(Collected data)
-------

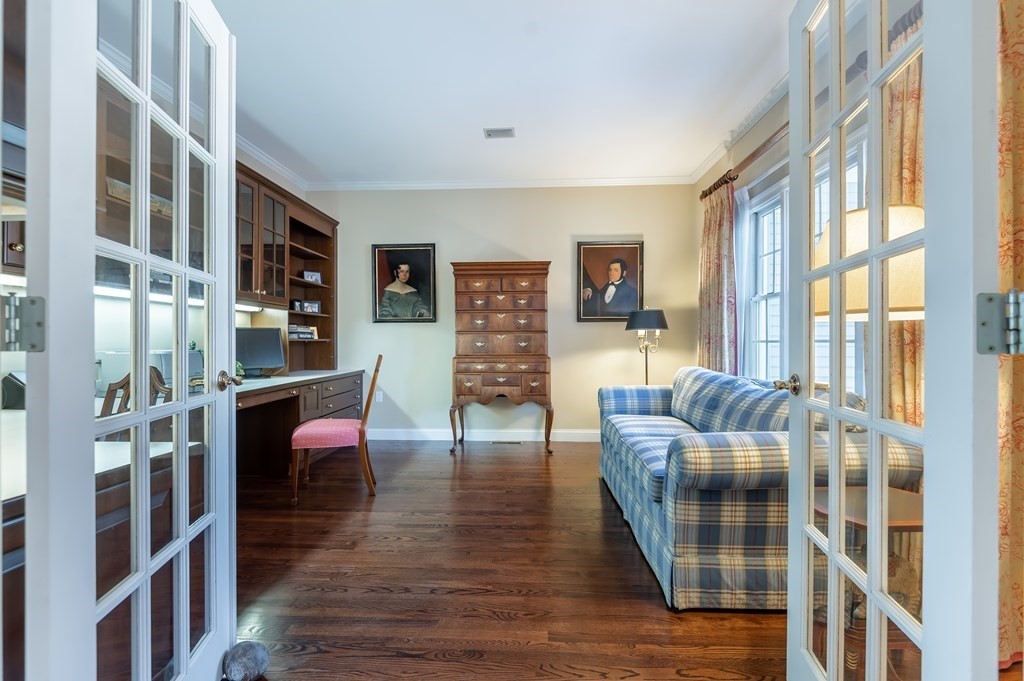 3 Cabot Road Andover, MA 01810 - Photo 6 of 42 Gallery Image 6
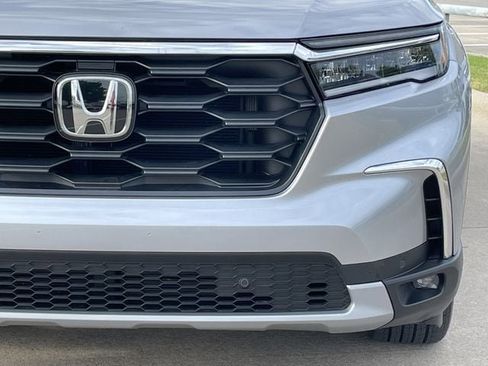 Certified 2025 Honda Pilot EX-L image 7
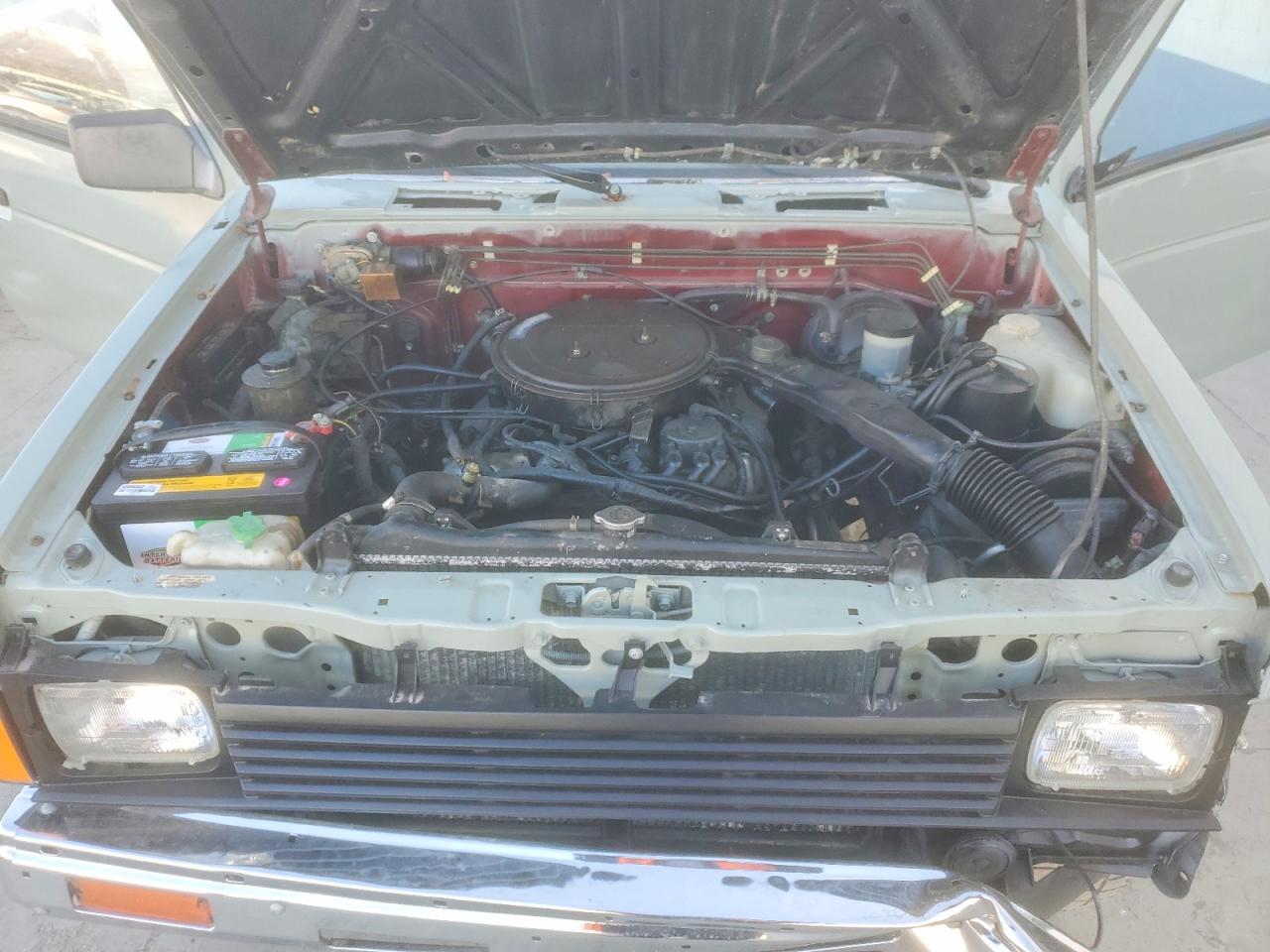 1987 Nissan D21 King Cab Gray vin: 1N6HD16Y8HC382943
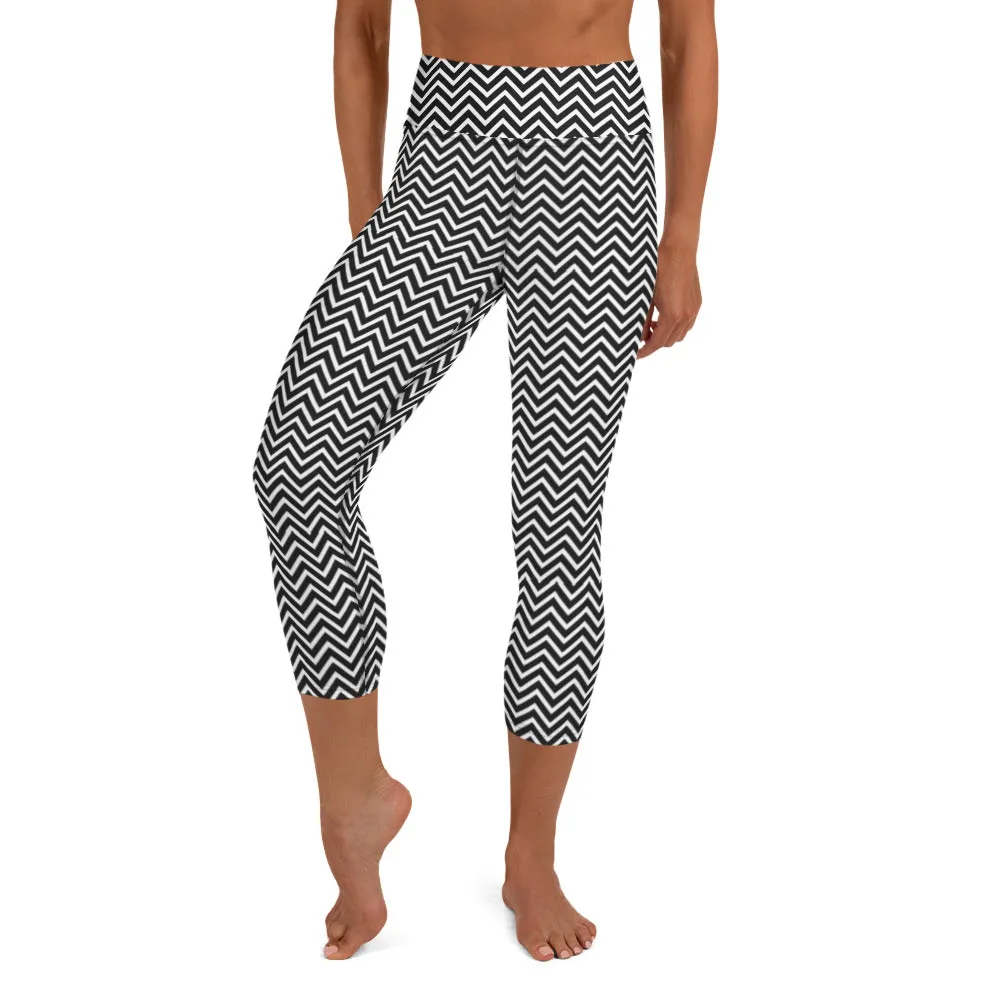 Black Chevron Yoga Capri Leggings, Patterned Women's Capris Tights-Made in USA/EU/MX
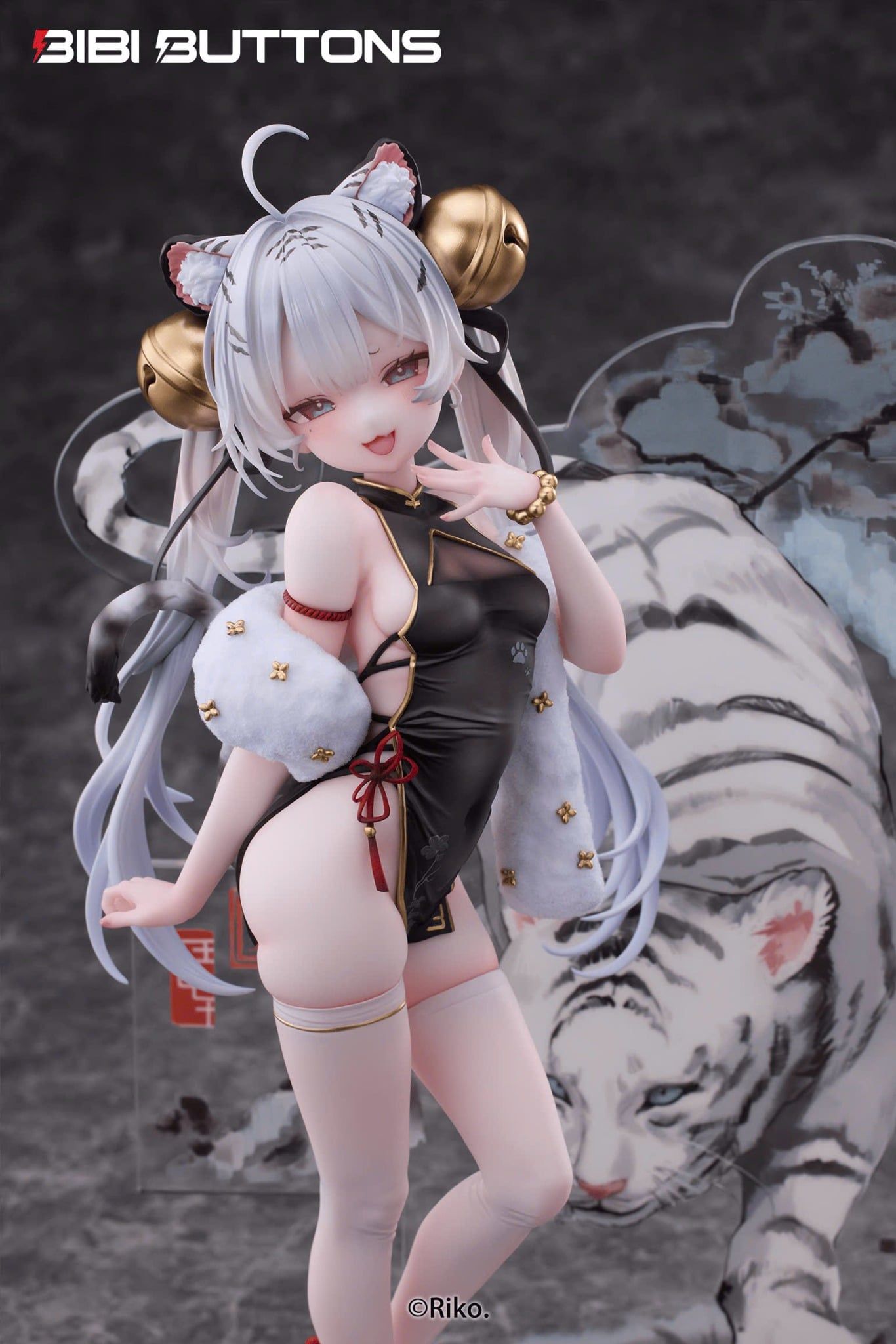  Tiger's Roar Stirs the Wind – White Tiger - Bibi Buttons 
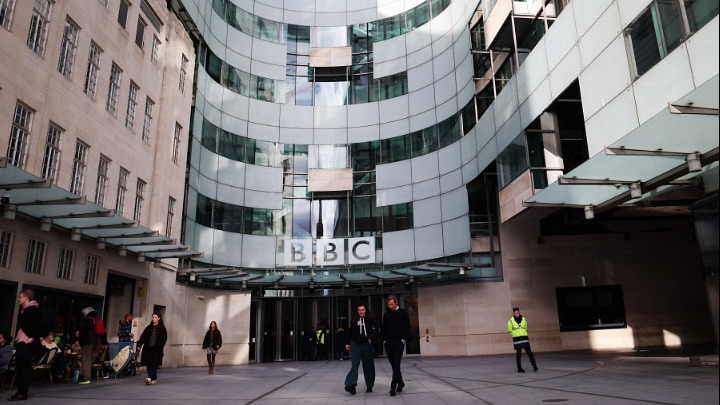 Το BBC Ζητά Συγγνώμη από τον Τραμπ για Ντοκιμαντέρ - Αμφιλεγόμενες Δηλώσεις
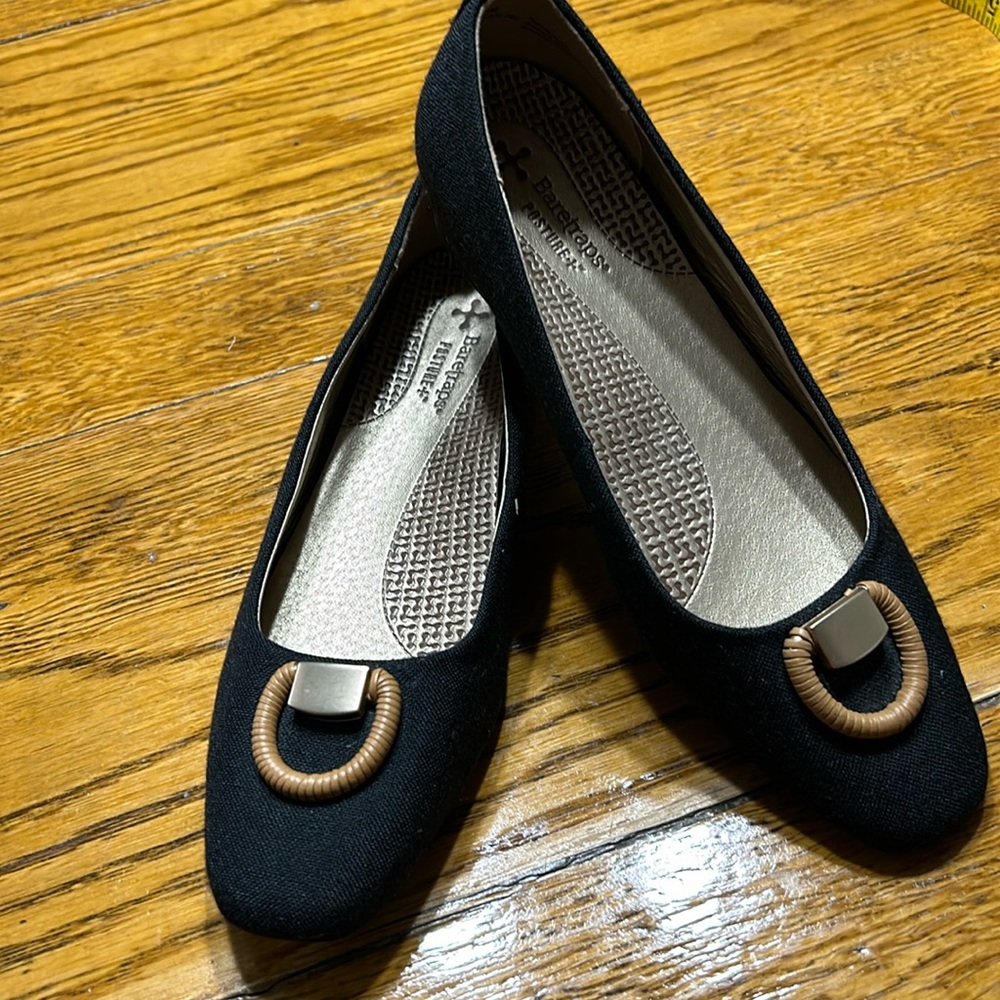 Baretraps Posture + black textile flats with brown buckle. Size 8.5.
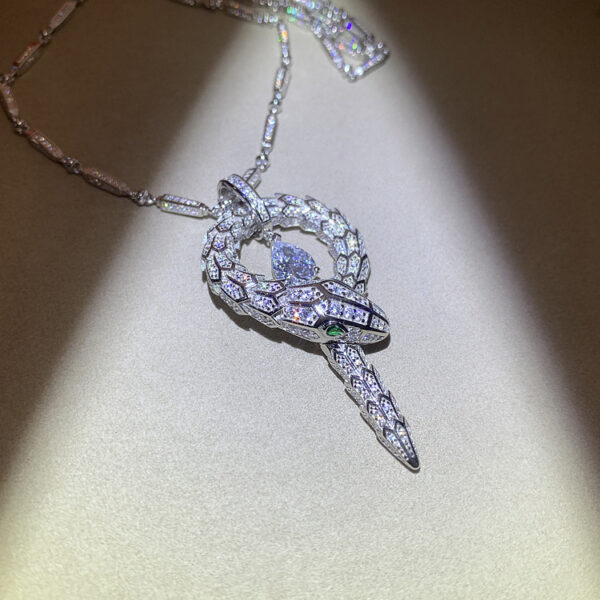 #187 Fashionable, High-end and Elegant Jewelry Party Event Snake-shaped necklace - Image 3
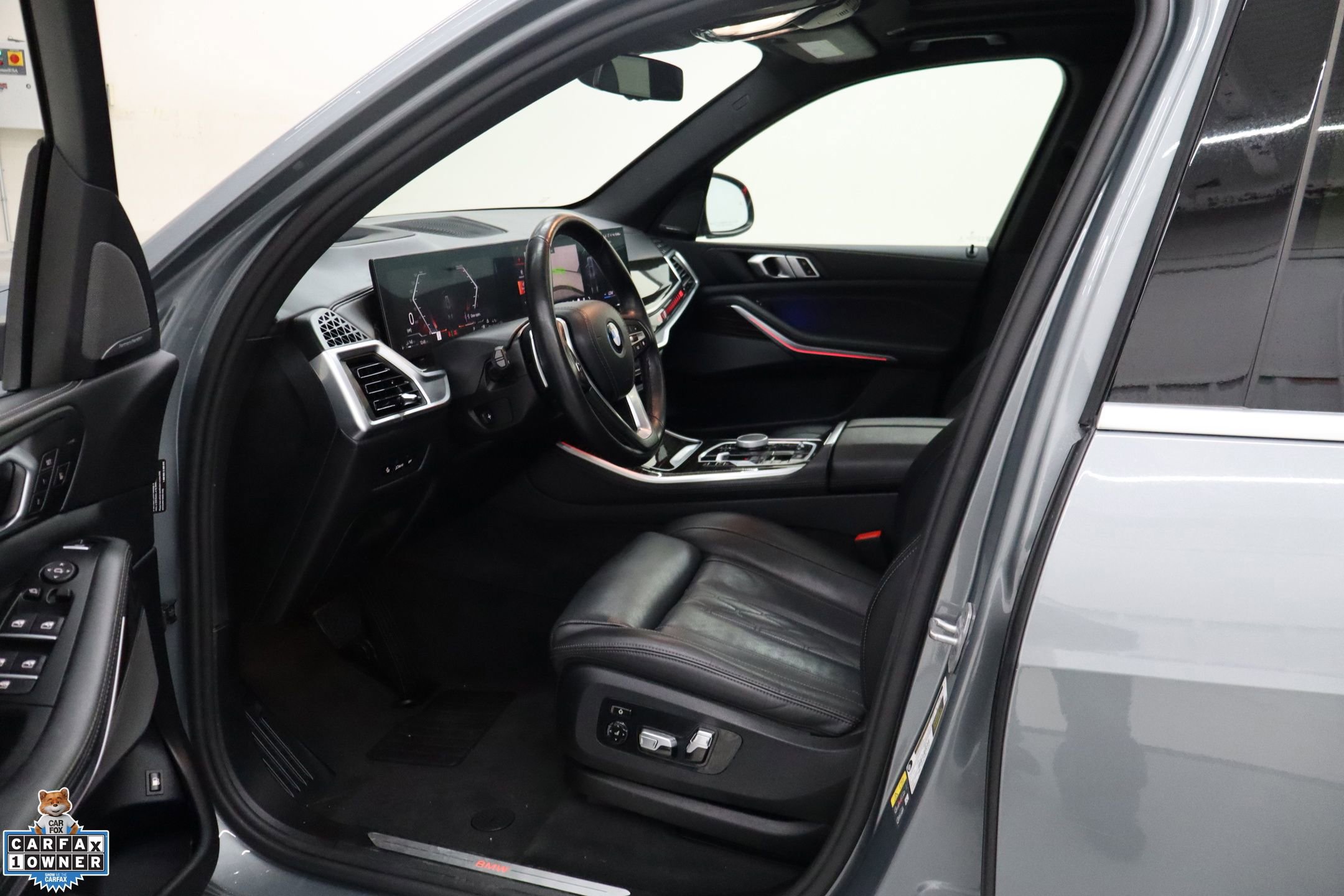 Used 2025 BMW X5 xDrive50e image 28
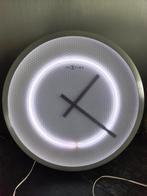 Nextime neon wandklok, Huis en Inrichting, Woonaccessoires | Klokken, Ophalen of Verzenden, Zo goed als nieuw, Analoog, Wandklok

-------

▸ What you have to do: Set down all of the entries precisely and keep the pictures out of the copy.

▸ Output:
 3 Cabot Road Andover, MA 01810 - Photo 6 of 42 Gallery Image 6
 Certified 2025 Honda Pilot EX-L image 7
 1987 Nissan D21 King Cab Gray vin: 1N6HD16Y8HC382943
 Black Chevron Yoga Capri Leggings, Patterned Women's Capris Tights-Made in USA/EU/MX
  Tiger's Roar Stirs the Wind – White Tiger - Bibi Buttons 
 Το BBC Ζητά Συγγνώμη από τον Τραμπ για Ντοκιμαντέρ - Αμφιλεγόμενες Δηλώσεις
 Baretraps Posture + black textile flats with brown buckle. Size 8.5.
 #187 Fashionable, High-end and Elegant Jewelry Party Event Snake-shaped necklace - Image 3
 Used 2025 BMW X5 xDrive50e image 28
 Nextime neon wandklok, Huis en Inrichting, Woonaccessoires | Klokken, Ophalen of Verzenden, Zo goed als nieuw, Analoog, Wandklok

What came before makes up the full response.